In February 2013, the provincial government announced that up to five class E slaughtering licences would be allowed in the North Okanagan as part of a two-year pilot program.
“There are none in place yet” said Leah Mellott, the Regional District of North Okanagan’s electoral area general manager.
“Not a heck of a lot has come about.”
That isn’t going over well with rural Lumby director Rick Fairbairn, who says farm families and the rural economy have been negatively impacted by the provincial meat regulations that were first introduced in 2007.
“The number of livestock is down,” he said, adding that communities are not getting the response expected from the government.
“There’s frustration from potential licensees because they are running into bureaucracy to comply with the application process.

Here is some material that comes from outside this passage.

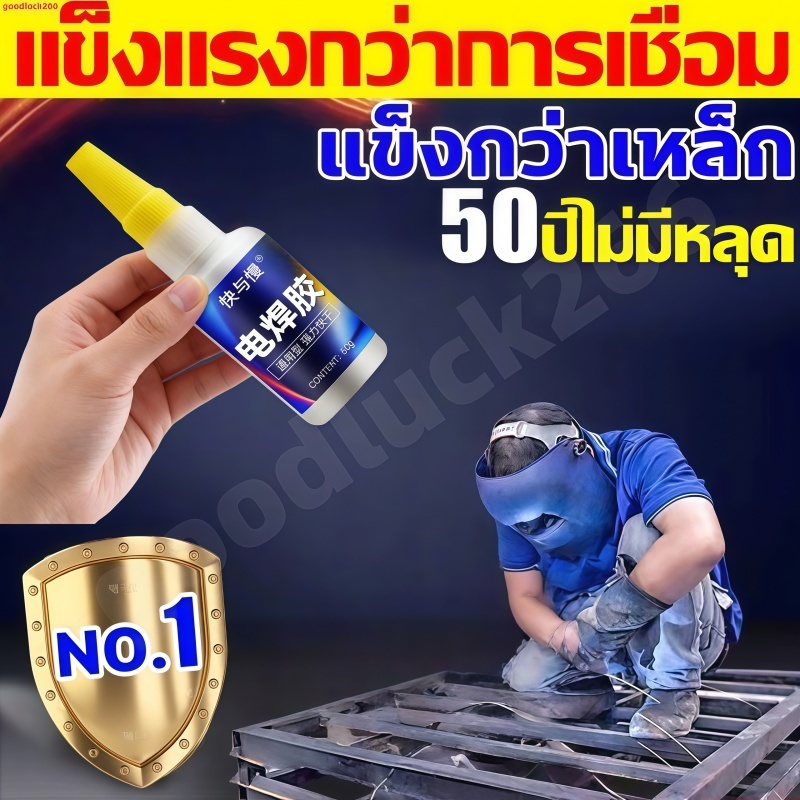 กาวไฟฟ้าคุณภาพสูง: แห้งทันที มีอายุการใช้งานยาวนานถึง 50 ปี และจะไม่หลุดลอก กาวแท้เกรดเหล็กที่ใช้ยึดติดโลหะ เซรามิก ไม้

They are finding the process onerous.”
However, Interior Health Authority officials insist the process is moving ahead, including a slaughter-safe training course and initial site visits of the applicants.
“The applicants are working at their own pace and are all at different stages of completion,” said Chris Russell, specialist environmental health officer, in a letter to RDNO.
“The general process is that following the initial site visit, the applicant determines how they want to proceed and goes about getting any necessary infrastructure in place. This varies between applicants. In some cases, a small building may be required. In other cases, minor changes to an existing structure is all that is needed.”
Once that work is done, Russell says his office will do a final inspection before issuing a license.
“We have not issued a license to date but one applicant is very close and another anticipates completion around May or June,” he said.
Of the five applicants, two are from the Lumby area, two from the Armstrong area and the other is at Gardom Lake.